Nikolaj Juul-Sandberg

Personal information
- Full name: Nikolaj Juul-Sandberg
- Date of birth: 21 April 2006 (age 20)
- Place of birth: Middelfart, Denmark
- Position: Midfielder

Team information
- Current team: OB
- Number: 43

Youth career
- 0000–2019: Middelfart
- 2019–2025: OB

Senior career*
- Years: Team / Apps / (Gls)
- 2024–: OB / 8 / (1)
- 2025–2026: → Middelfart (loan) / 24 / (1)

International career
- 2021–2020: Denmark U17 / 9 / (0)
- 2022–2023: Denmark U17 / 14 / (0)
- 2023–2024: Denmark U18 / 8 / (0)
- 2024–: Denmark U19 / 12 / (1)

= Nikolaj Juul-Sandberg =

Danish footballer (born 2006)

Nikolaj Juul-Sandberg (born 21 April 2006) is a Danish footballer who plays as a midfielder for Danish Superliga club OB.

==Club career==
===OB===
Juul-Sandberg, who grew up in Middelfart, started his career at Middelfart Boldklub before moving to Odense Boldklub in 2019 as a U14 player. From there, he worked his way up through the club's academy.

Already as a second-year U19 player, 18-year old Juul-Sandberg was promoted to the first-team squad in the summer of 2024. On 6 August 2024, Juul-Sandberg made his official debut for OB in a Danish Cup game against his former club, Middelfart Boldklub.

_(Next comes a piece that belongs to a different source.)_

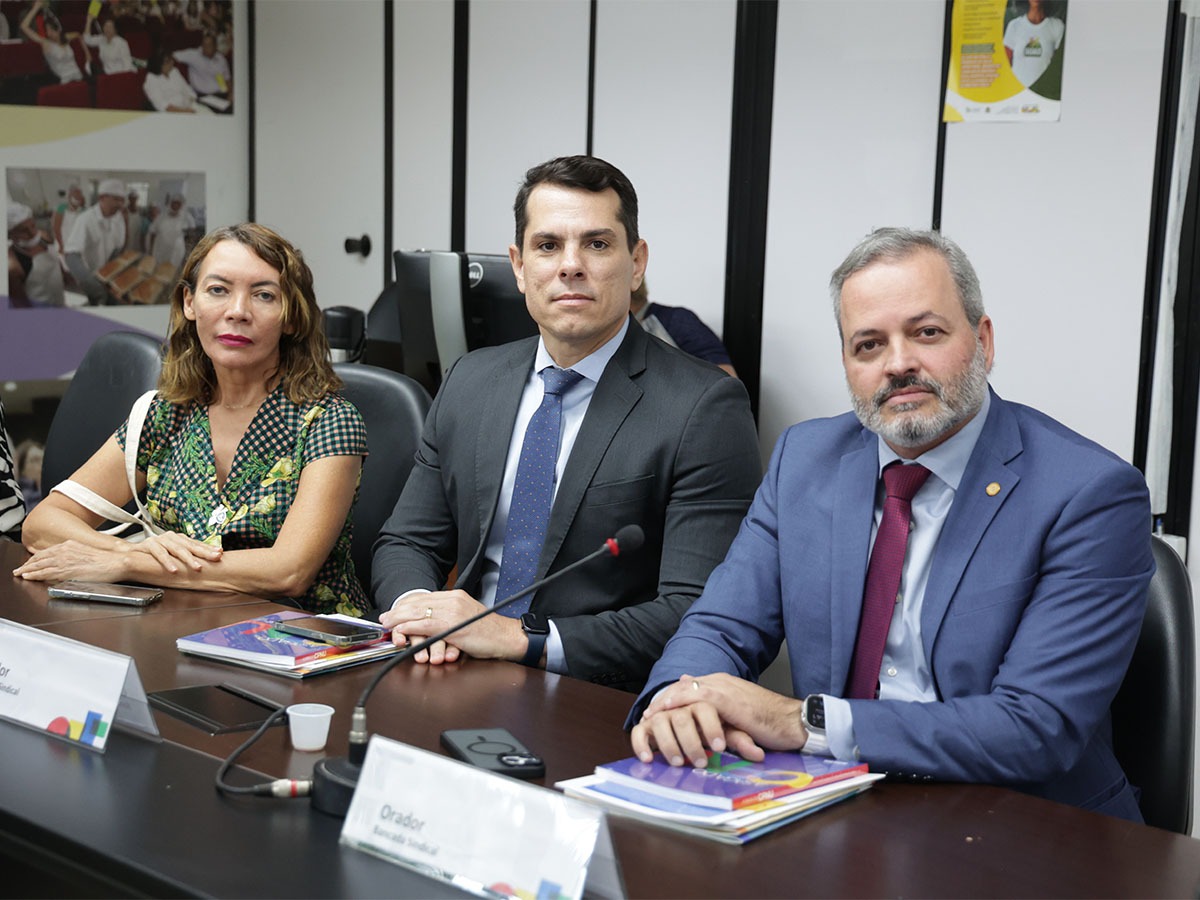 Elizabeth Hernandes, Janus Pablo e Bob Machado representantes do Fonacate na reunião da MNNP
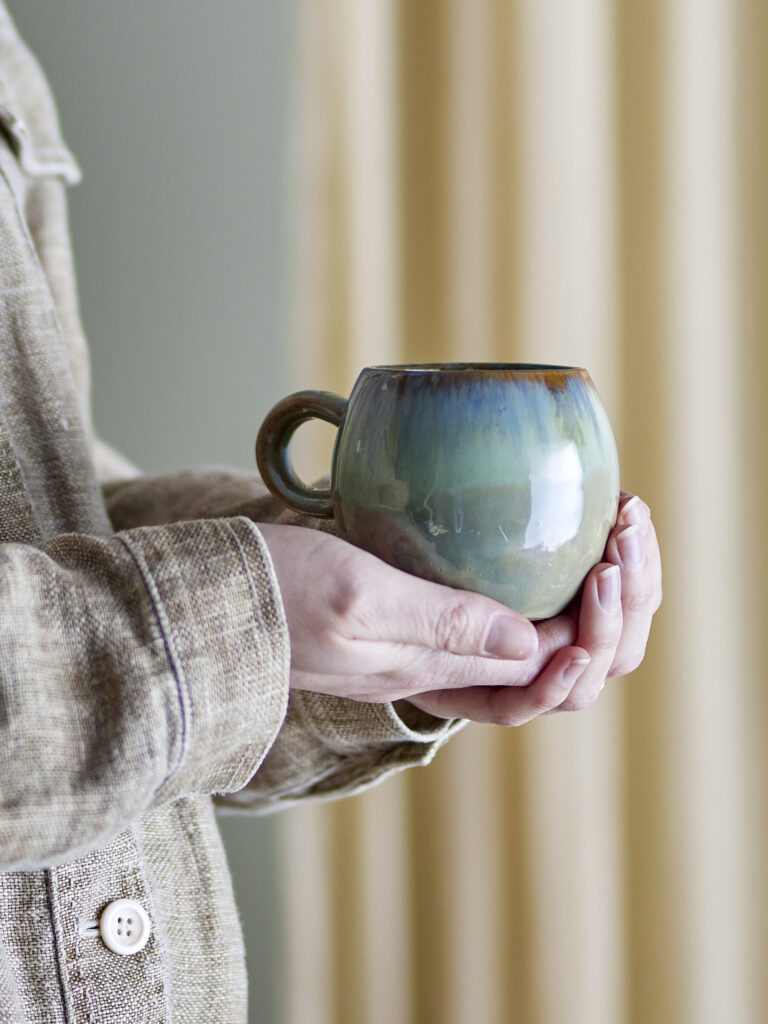 Puodelis Paula žalias su ąsele, Bloomingville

On 18 October 2024, Juul-Sandberg made his league debut when he entered the pitch with nine minutes remaining in a Danish 1st Division match against FC Roskilde, scoring his debut goal just a few minutes later. He finished the 2024–25 season with a total of eight appearances for OB's first team.

Following OB's promotion to the 2025–26 Danish Superliga, and consequently reduced prospects of regular playing time, OB confirmed on 1 September 2025 that Juul-Sandberg had extended his contract until June 2028, and was simultaneously loaned to his former club, Middelfart Boldklub, which had just been promoted to the 2025–26 Danish 1st Division, for the remainder of the season.